I am trying to resolve an exercise and there are 2 point that are missing in order to finalize:

Suppose $A$, $B$, $C$, and $P$ are $R$-modules, and $f:A \rightarrow B$ and $g:B\rightarrow C$ are both $R$-module morphisms.

1) $\forall \phi : C \rightarrow P$ morphism, if $\phi \circ g = 0 \Rightarrow \phi = 0$, for a morphism $\phi : C \rightarrow P$, does this imply that $g$ is surjective? Why?

2) If $\phi \circ g \circ f = 0$ $ \forall \phi : C \rightarrow P$ morphism does this mean that $g \circ f = 0$? Why?

Answer 1

For the first point consider for $\phi$ the quotient morphism $\pi:\ C\ \longrightarrow\ \operatorname{coker}g$.

For the second point consider for $\phi$ the identity morphism $\operatorname{id}:\ C\ \longrightarrow\ C$.

Answer 2

1) No, not necessarily.
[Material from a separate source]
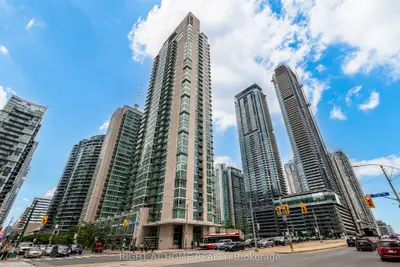 Condo Apartment in Toronto
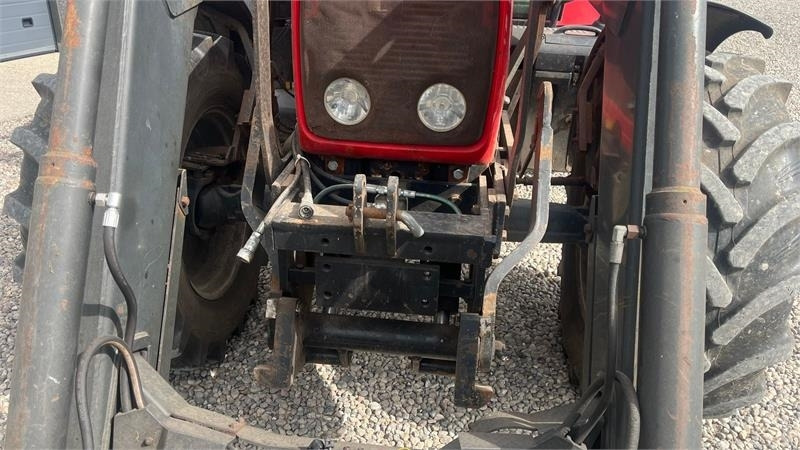 Massey Ferguson 6480 Dyna 4 Med frontlift og frontlæsser - 장궤형 트랙터 : 사진 4 Massey Ferguson 6480 Dyna 4 Med frontlift og frontlæsser - 장궤형 트랙터 : 사진 4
Here's a counterexample. Let $B=\mathbb{Z}$ and $C=P=\mathbb{Q}$ as $R=\mathbb{Z}$-modules. Further, let $g:B\to C$, i.e. $g:\mathbb{Z}\to\mathbb{Q}$, be the inclusion map $g(n)=n$. Then for any $\varphi:C\to P$, i.e. for any $\varphi:\mathbb{Q}\to\mathbb{Q}$, $\varphi\circ g=0$ implies $\varphi=0$ (basically, because $\varphi\circ g=0$ implies $\varphi(1)=0$ implies $\varphi=0$). And yet, $g\neq0$.

2) No, not necessarily. Here's a counterexample. Let $A=B=C=\mathbb{Z}$ and $P=\mathbb{Z}_2$ as $R=\mathbb{Z}$-modules. Further, let $f:\mathbb{Z}\to\mathbb{Z}$ be the identity map $f(n)=n$ and $g:\mathbb{Z}\to\mathbb{Z}$ be multiplication by two map $g(n)=2n$. Then for any $\varphi:\mathbb{Z}\to\mathbb{Z}_2$. we have $\varphi\circ g\circ f=0$, even though $g\circ f\neq0$.